Start of Task data

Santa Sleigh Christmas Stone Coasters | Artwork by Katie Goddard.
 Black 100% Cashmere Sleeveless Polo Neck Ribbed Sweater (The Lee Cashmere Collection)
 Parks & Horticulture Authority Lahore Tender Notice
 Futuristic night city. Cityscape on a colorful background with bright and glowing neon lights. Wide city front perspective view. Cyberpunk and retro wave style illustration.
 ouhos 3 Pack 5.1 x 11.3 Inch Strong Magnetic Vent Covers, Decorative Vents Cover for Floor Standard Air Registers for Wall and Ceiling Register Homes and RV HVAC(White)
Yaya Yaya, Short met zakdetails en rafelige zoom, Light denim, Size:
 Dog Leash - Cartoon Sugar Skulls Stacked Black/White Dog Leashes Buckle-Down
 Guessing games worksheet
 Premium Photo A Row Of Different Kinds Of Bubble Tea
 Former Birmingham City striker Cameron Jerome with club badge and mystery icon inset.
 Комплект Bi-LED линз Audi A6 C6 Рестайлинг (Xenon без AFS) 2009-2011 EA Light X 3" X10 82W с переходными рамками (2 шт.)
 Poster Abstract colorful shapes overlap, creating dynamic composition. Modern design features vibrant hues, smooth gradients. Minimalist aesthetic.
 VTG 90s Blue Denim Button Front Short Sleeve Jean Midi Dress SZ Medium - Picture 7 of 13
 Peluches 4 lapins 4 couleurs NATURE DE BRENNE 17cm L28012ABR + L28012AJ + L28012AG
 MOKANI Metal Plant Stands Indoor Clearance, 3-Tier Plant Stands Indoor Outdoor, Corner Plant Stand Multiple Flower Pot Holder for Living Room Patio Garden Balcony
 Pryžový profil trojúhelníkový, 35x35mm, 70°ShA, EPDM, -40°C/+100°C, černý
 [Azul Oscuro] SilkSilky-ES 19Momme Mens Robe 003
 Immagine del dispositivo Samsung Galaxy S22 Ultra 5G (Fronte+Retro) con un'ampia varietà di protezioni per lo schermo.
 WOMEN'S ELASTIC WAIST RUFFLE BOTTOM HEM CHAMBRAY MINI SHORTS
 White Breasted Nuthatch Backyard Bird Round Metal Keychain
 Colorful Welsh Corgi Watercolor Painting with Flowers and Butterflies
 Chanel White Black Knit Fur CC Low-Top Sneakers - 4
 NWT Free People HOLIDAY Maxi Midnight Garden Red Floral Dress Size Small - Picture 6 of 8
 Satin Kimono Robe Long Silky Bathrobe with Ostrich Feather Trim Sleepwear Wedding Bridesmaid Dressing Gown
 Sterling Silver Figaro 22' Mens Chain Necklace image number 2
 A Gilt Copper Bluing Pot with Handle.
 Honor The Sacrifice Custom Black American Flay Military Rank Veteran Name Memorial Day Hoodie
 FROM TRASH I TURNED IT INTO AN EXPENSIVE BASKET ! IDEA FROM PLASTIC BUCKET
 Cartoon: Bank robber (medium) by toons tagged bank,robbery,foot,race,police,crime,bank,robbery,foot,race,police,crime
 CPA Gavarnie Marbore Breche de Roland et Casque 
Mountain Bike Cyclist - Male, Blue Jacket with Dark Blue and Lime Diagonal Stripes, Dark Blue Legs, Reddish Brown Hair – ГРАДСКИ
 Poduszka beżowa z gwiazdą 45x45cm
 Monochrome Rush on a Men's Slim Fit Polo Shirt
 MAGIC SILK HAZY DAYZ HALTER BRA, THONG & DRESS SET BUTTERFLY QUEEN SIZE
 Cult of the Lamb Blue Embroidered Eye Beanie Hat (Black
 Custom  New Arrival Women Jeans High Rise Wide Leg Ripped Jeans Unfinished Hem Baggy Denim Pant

End of Task data

*Task instructions*. Among the entries above, how many lines hold the word "Robe"? Reply with only that number.

*Response to this task*. 2